== Segment start ==
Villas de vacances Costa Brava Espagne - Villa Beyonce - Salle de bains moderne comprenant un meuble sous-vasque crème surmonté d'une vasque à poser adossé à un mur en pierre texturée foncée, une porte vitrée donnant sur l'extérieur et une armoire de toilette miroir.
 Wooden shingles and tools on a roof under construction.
== Segment end ==
== Segment start ==
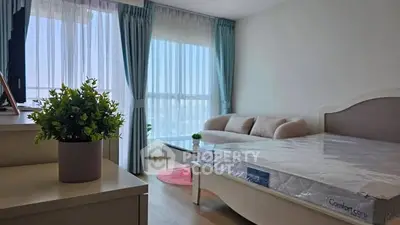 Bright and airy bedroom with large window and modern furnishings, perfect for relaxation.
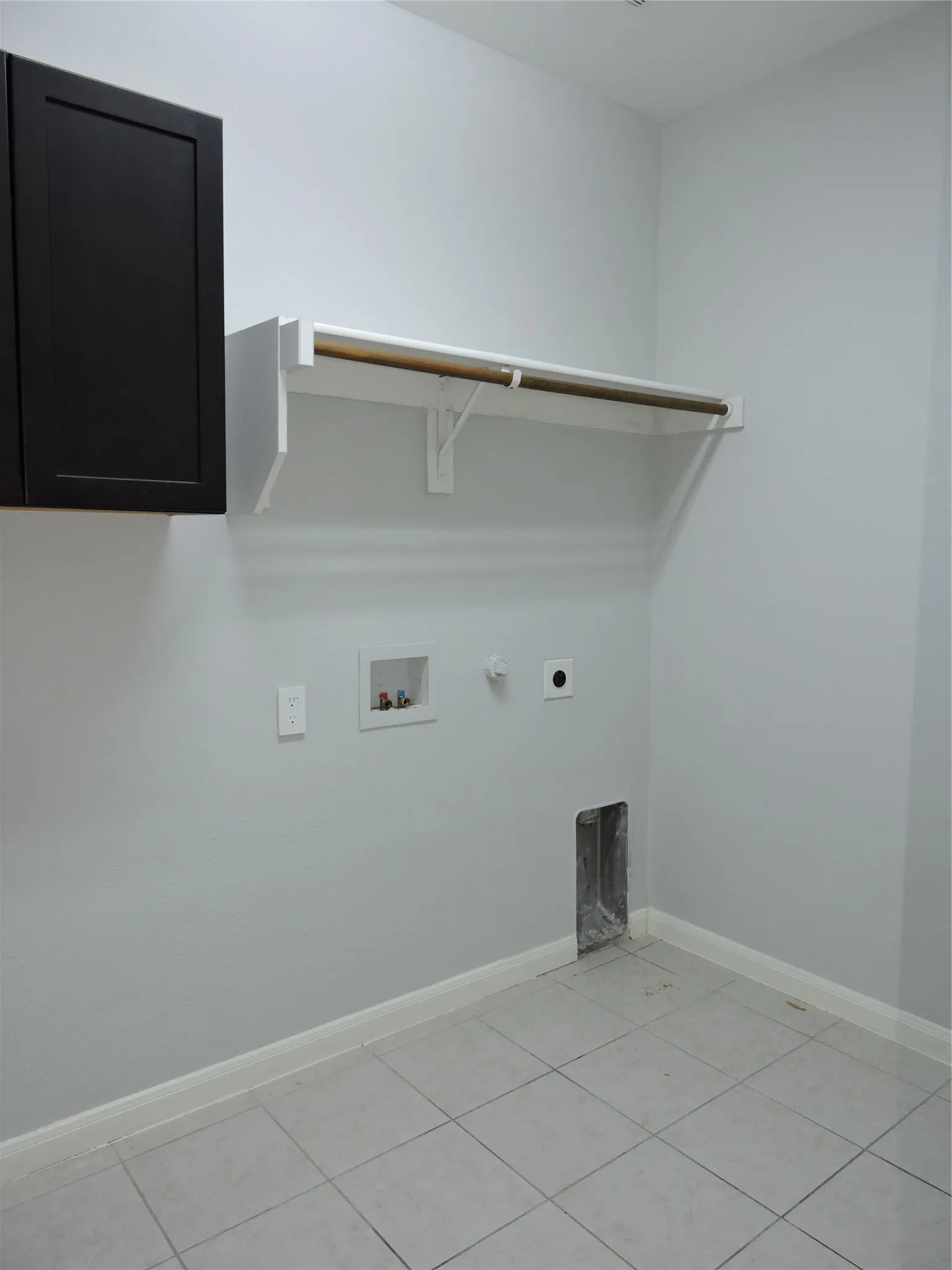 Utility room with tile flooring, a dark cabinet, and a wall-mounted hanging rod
== Segment end ==
■ **Goal of the exercise**
Look above for the line with "Bright and airy" and copy exactly from it through the line with "Utility room with", both included. Omit the pictures.

■ **Output for this task**
 Bright and airy bedroom with large window and modern furnishings, perfect for relaxation.
 Utility room with tile flooring, a dark cabinet, and a wall-mounted hanging rod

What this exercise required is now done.